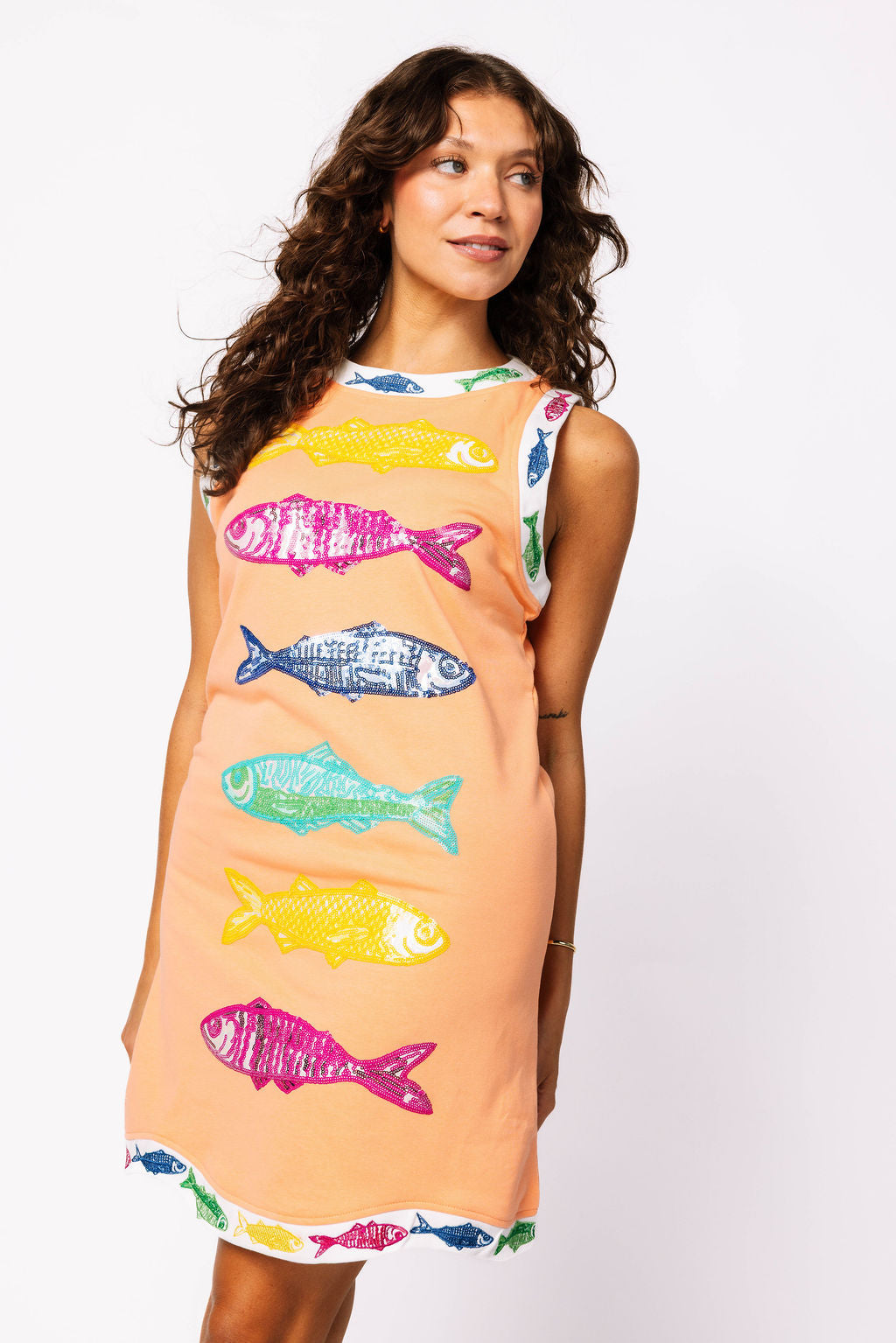 Peach Multi Sardine Tank Dress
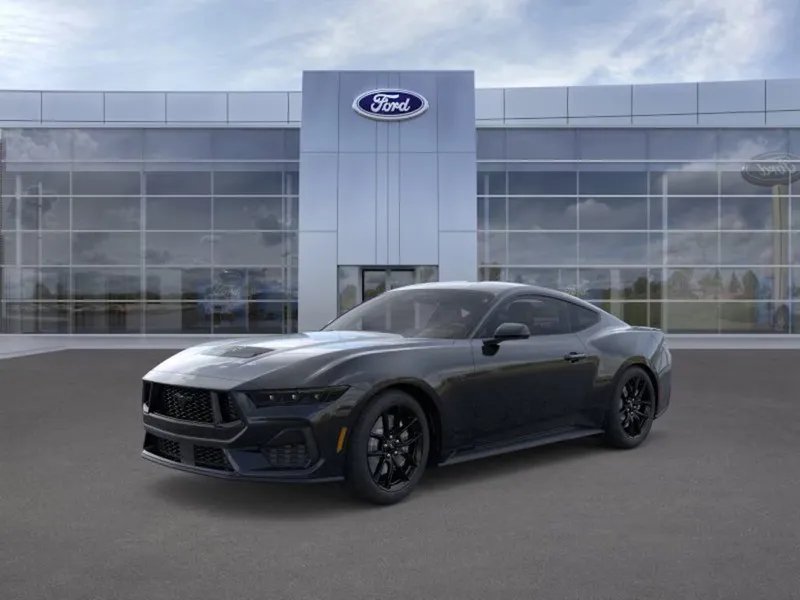2026 Ford Mustang in Shadow Black — front three-quarter view
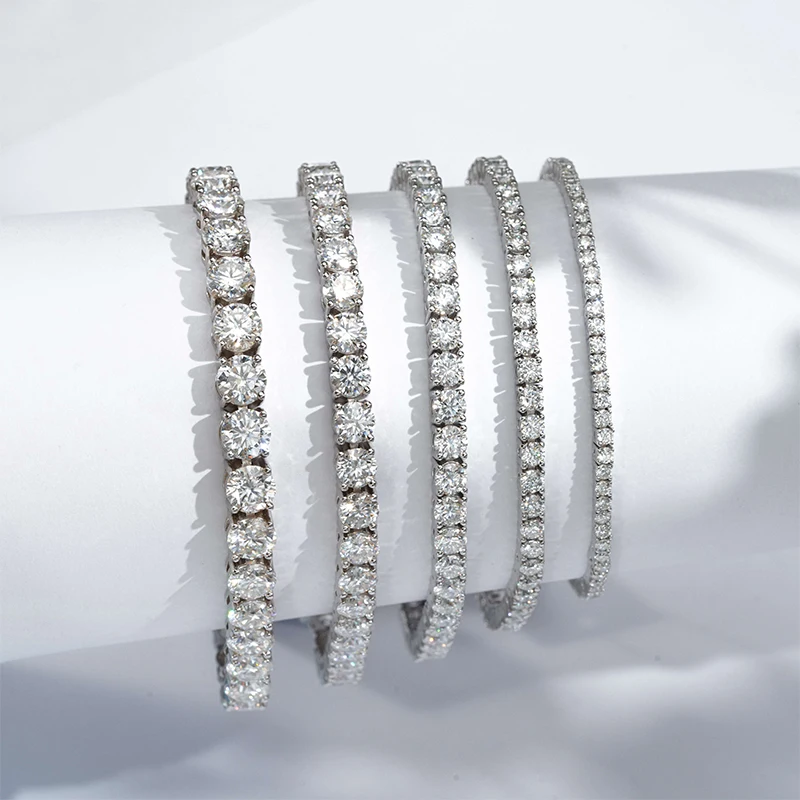 Ready to Ship 2024 Hot Sale Diamond Jewelry Gold Plated 925 Silver Moissanite Tennis Bracelet - Image 6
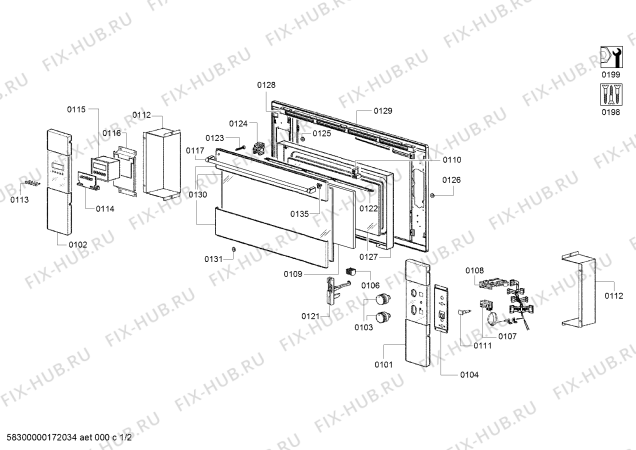 Схема №1 HB933R51 с изображением Фронтальное стекло для плиты (духовки) Siemens 00743222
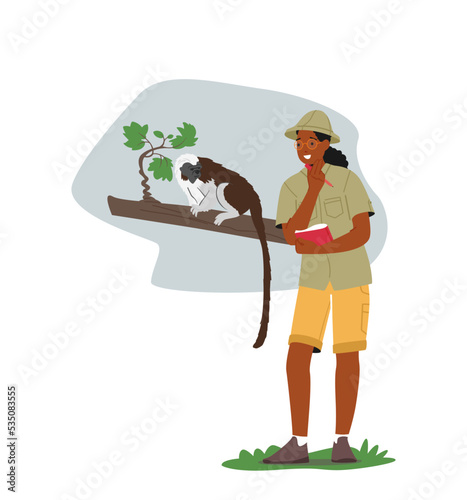 Zoo Activist Character Learn Wildlife. Zoologist Study Monkeys In Their Natural Habitat. Scientist Exploring Animals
═══
Give the material above again exactly as it stands, minus any images.

 Peach Multi Sardine Tank Dress
2026 Ford Mustang in Shadow Black — front three-quarter view
 Ready to Ship 2024 Hot Sale Diamond Jewelry Gold Plated 925 Silver Moissanite Tennis Bracelet - Image 6
 Схема №1 HB933R51 с изображением Фронтальное стекло для плиты (духовки) Siemens 00743222
 Zoo Activist Character Learn Wildlife. Zoologist Study Monkeys In Their Natural Habitat. Scientist Exploring Animals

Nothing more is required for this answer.